If Ritalin and Plan B had an illegitimate child it would smell like me.
How the hell am I supposed to know what lotion to get her? They should have a dressing booth where I could go test how good it is for jerking off, then I'd know.
The KFC double down is way too much for a drunk. He was just staring at it in awe.
and all i could think about was how mcdonalds would not be open anymore after we were done having sex
The background of my phone is you taped to the wall wearing a cowboy hat
Made fish tank punch. It's like trash can punch but in a fish tank. Also, my dad saw a picture I uploaded on Facebook and called me a pussy for only making 10 gallons.
JOY: That feeling when you crack open a handle for the first time, and the flow limiter comes off with the cap.
Was my shirt on fire at any point last night? Because I'm fairly sure my shirt was on fire.

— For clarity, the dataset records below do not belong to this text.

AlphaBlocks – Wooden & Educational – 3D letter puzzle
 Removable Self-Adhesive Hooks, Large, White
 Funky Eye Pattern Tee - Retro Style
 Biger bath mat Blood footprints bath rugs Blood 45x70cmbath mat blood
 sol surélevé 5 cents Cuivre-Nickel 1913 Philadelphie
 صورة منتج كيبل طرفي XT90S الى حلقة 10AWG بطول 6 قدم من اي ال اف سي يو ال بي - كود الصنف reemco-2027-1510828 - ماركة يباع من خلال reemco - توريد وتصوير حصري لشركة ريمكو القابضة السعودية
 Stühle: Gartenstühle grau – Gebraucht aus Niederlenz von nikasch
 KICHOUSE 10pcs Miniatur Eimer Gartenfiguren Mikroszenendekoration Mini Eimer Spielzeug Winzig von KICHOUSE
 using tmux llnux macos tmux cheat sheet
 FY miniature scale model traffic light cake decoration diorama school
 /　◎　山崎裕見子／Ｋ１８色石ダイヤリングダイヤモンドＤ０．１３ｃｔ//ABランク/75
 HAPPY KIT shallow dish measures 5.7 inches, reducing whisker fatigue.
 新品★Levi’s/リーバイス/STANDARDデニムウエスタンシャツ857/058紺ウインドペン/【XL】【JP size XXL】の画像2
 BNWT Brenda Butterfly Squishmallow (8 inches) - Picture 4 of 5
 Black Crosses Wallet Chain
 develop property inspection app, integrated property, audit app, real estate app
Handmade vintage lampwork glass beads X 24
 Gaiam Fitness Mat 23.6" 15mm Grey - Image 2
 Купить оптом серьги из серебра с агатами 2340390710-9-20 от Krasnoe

Hey do you eat chocolate chip pancakes with bacon in?
DO NOT MAIL ME A PANCAKE
Well, during the ride home I had to personally apologize to both of her breasts.
Did you drink ALL that 151??
No. We drank all the jaeger... Then used the 151 to start the fire. We're also out of paper towels... And your hairspray is flammable.
I couldn't find the oven mitts so I used a thick stack of tortillas
Can we both just take a day off just to have sex? Is that acceptable as an adult?
If you're doing something that makes your best friend lock you in a bathroom you shouldn't be doing it
Have a booty call at 3am, stopped for tacos at 2:30. It's 2:55 and I still haven't ordered but can't jump the curb to get out of line because there is a cop in front of me. What am I doing with my life?